The subspecialty faculty and clinics are as follows*:
Dr. Joseph Chen
Wednesday 8 AM – 4 PM
Dr. Tung Trang, Dr. Richard Busch
Monday 8 AM – 12 PM
Tuesday 8 AM – 12 PM
Friday 8 AM – 12 PM
Friday 1 PM – 5 PM
Dr. Michael Freeman, Dr. Sara Yegiyants
Tuesday 1 PM – 5 PM
Dr. Auturo Gomez, Dr. Andrea Snow, Dr. Michael Eagan
Tuesday 8 AM – 12 PM, 1 PM – 5 PM
Wednesday 8 AM – 12 PM, 1 PM – 5 PM
Thursday 8 AM – 12 PM, 1 PM – 4 PM
Dr. Jeffery Nalesnik, Dr. Shahab Hillyer, Dr. Vinh Trang
Monday 8 AM – 12 PM
Wednesday 8 AM – 12 PM
Wednesday 1PM – 5 PM
Friday 8 AM – 12 PM
* Clinic times are subject to change. Please review the most current roster with surgery clinics.

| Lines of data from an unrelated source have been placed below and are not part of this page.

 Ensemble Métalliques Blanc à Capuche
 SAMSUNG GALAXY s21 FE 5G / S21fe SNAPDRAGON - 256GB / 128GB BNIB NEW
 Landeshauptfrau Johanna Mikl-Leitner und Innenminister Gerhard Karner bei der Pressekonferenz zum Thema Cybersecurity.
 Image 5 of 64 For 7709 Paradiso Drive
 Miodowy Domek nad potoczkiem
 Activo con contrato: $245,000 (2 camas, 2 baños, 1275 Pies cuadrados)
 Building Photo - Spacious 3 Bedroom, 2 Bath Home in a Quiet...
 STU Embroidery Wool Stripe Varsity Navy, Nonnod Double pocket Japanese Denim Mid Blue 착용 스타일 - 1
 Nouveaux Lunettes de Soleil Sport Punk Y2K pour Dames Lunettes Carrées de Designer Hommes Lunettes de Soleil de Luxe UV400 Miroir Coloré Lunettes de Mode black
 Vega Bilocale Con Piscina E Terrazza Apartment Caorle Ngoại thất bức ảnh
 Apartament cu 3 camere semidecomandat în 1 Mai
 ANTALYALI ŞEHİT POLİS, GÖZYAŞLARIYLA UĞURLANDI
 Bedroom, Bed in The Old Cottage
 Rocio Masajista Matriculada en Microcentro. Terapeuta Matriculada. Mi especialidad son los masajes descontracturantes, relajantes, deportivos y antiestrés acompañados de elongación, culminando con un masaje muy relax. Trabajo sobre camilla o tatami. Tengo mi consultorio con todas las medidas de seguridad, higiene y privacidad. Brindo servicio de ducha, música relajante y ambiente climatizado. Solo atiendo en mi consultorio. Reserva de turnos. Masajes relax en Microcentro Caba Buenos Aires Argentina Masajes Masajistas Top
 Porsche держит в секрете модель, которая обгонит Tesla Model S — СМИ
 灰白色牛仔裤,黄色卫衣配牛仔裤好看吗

Each medical student is expected to rotate through each clinic at least once during the three-week rotation. It is imperative that you read beforehand so that you can have a basic understanding of the subspecialty. This would include a general review of the common diseases seen in the clinics and proposed surgeries if required. Each student will be assigned to one week of urology, one week of combined plastic surgery and ENT, and one week combined of orthopedics and neurosurgery. During each assigned week, students are expected to participate in their respective clinics and operative cases.
Students are encouraged to review the patients’ presenting complaints and symptoms, their pertinent physical exams, laboratory and diagnostic exams (including radiographic films), and the recommendations for treatment. If surgery is offered during the students’ week on the rotation, students should read prior to the operative procedure and be prepared to assist! Students who are assigned to a Subspecialty Service are expected to participate in subspecialty operative cases throughout the week.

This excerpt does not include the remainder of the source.